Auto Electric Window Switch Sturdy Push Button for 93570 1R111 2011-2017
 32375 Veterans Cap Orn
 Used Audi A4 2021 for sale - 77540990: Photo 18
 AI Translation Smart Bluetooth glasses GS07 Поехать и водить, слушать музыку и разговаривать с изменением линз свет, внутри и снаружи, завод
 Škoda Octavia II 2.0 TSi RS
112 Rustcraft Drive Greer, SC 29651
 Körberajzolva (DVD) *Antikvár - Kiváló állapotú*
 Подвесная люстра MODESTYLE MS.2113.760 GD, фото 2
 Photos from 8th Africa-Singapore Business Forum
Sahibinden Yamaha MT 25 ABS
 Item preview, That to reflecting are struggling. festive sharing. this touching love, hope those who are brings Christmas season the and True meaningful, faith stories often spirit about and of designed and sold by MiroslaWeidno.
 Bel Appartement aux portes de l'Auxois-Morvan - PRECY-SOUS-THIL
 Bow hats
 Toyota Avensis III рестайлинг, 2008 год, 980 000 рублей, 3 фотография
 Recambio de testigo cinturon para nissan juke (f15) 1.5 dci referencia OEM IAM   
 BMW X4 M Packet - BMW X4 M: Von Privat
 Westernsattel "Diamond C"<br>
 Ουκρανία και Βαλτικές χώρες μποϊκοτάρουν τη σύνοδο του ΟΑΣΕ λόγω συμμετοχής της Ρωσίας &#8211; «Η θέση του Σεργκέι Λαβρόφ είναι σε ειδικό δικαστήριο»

============

> DIRECTIONS
Copy out the data shown above without altering anything.

> RESPONSE AREA
Auto Electric Window Switch Sturdy Push Button for 93570 1R111 2011-2017
 32375 Veterans Cap Orn
 Used Audi A4 2021 for sale - 77540990: Photo 18
 AI Translation Smart Bluetooth glasses GS07 Поехать и водить, слушать музыку и разговаривать с изменением линз свет, внутри и снаружи, завод
 Škoda Octavia II 2.0 TSi RS
112 Rustcraft Drive Greer, SC 29651
 Körberajzolva (DVD) *Antikvár - Kiváló állapotú*
 Подвесная люстра MODESTYLE MS.2113.760 GD, фото 2
 Photos from 8th Africa-Singapore Business Forum
Sahibinden Yamaha MT 25 ABS
 Item preview, That to reflecting are struggling. festive sharing. this touching love, hope those who are brings Christmas season the and True meaningful, faith stories often spirit about and of designed and sold by MiroslaWeidno.
 Bel Appartement aux portes de l'Auxois-Morvan - PRECY-SOUS-THIL
 Bow hats
 Toyota Avensis III рестайлинг, 2008 год, 980 000 рублей, 3 фотография
 Recambio de testigo cinturon para nissan juke (f15) 1.5 dci referencia OEM IAM   
 BMW X4 M Packet - BMW X4 M: Von Privat
 Westernsattel "Diamond C"<br>
 Ουκρανία και Βαλτικές χώρες μποϊκοτάρουν τη σύνοδο του ΟΑΣΕ λόγω συμμετοχής της Ρωσίας &#8211; «Η θέση του Σεργκέι Λαβρόφ είναι σε ειδικό δικαστήριο»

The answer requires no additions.